_Work task_
The line containing "this 640×480 image." and every line after it, through the last one below: output exactly these and nothing else.

Dataset entries
■ ■ ■ ■ ■ ■ ■
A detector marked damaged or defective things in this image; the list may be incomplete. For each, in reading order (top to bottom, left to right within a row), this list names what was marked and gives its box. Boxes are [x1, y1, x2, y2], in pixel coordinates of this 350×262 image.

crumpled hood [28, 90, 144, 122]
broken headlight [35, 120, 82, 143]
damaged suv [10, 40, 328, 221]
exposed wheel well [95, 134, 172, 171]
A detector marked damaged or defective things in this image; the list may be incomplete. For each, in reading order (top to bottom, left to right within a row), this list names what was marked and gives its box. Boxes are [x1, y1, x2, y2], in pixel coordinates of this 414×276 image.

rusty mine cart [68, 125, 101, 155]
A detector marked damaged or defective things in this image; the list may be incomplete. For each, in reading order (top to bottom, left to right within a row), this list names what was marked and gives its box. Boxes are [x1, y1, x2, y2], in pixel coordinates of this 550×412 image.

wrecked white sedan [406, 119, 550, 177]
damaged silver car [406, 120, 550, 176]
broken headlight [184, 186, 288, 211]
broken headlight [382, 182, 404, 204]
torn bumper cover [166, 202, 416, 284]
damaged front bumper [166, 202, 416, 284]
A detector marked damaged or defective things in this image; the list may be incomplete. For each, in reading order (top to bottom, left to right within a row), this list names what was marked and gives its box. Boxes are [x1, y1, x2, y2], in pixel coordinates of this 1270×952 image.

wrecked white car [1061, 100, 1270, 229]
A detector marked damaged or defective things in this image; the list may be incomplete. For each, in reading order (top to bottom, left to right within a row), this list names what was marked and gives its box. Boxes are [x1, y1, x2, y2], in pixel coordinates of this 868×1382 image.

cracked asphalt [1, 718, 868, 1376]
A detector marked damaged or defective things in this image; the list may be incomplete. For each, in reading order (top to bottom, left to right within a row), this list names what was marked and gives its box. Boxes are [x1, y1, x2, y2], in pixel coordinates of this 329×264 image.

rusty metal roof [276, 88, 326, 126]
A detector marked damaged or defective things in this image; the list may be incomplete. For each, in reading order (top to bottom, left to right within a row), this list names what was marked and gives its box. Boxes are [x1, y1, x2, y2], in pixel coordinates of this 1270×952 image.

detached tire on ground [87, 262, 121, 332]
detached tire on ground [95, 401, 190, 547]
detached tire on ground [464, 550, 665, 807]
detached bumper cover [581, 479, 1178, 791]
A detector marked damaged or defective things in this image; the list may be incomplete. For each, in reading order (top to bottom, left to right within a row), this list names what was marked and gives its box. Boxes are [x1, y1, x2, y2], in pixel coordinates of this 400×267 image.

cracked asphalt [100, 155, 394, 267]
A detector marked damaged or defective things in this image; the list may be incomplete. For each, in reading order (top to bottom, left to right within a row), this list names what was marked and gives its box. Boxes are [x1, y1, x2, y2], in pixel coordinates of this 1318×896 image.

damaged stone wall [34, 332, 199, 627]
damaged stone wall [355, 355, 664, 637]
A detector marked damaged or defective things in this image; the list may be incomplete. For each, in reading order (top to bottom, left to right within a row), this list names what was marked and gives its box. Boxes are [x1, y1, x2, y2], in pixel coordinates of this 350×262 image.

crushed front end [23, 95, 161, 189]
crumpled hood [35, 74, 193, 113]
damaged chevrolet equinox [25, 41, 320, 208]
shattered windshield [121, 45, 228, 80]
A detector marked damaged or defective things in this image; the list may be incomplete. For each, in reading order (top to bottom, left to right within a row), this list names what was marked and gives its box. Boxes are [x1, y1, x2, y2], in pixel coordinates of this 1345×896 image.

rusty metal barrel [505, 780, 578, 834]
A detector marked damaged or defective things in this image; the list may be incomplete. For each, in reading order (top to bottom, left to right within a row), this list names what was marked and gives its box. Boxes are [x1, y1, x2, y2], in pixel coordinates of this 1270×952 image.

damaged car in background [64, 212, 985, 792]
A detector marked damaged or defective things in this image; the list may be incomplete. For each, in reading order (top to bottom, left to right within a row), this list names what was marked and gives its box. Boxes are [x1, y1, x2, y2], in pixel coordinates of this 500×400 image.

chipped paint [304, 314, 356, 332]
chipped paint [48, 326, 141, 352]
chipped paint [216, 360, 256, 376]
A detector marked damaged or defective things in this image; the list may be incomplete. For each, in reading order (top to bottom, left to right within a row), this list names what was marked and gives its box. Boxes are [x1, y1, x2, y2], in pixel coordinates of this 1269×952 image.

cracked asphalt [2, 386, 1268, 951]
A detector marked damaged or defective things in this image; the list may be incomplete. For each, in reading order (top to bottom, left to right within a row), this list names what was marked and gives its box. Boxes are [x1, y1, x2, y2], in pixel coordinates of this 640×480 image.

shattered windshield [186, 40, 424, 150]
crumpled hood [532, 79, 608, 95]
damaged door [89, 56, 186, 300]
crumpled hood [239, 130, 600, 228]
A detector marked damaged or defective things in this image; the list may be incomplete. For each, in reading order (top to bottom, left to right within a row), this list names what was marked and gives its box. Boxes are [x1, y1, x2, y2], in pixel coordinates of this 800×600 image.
■ ■ ■ ■ ■ ■ ■
_Task response_
A detector marked damaged or defective things in this image; the list may be incomplete. For each, in reading order (top to bottom, left to right within a row), this list names what was marked and gives its box. Boxes are [x1, y1, x2, y2], in pixel coordinates of this 640×480 image.

shattered windshield [186, 40, 424, 150]
crumpled hood [532, 79, 608, 95]
damaged door [89, 56, 186, 300]
crumpled hood [239, 130, 600, 228]
A detector marked damaged or defective things in this image; the list may be incomplete. For each, in reading order (top to bottom, left to right within a row), this list names what was marked and gives its box. Boxes are [x1, y1, x2, y2], in pixel coordinates of this 800×600 image.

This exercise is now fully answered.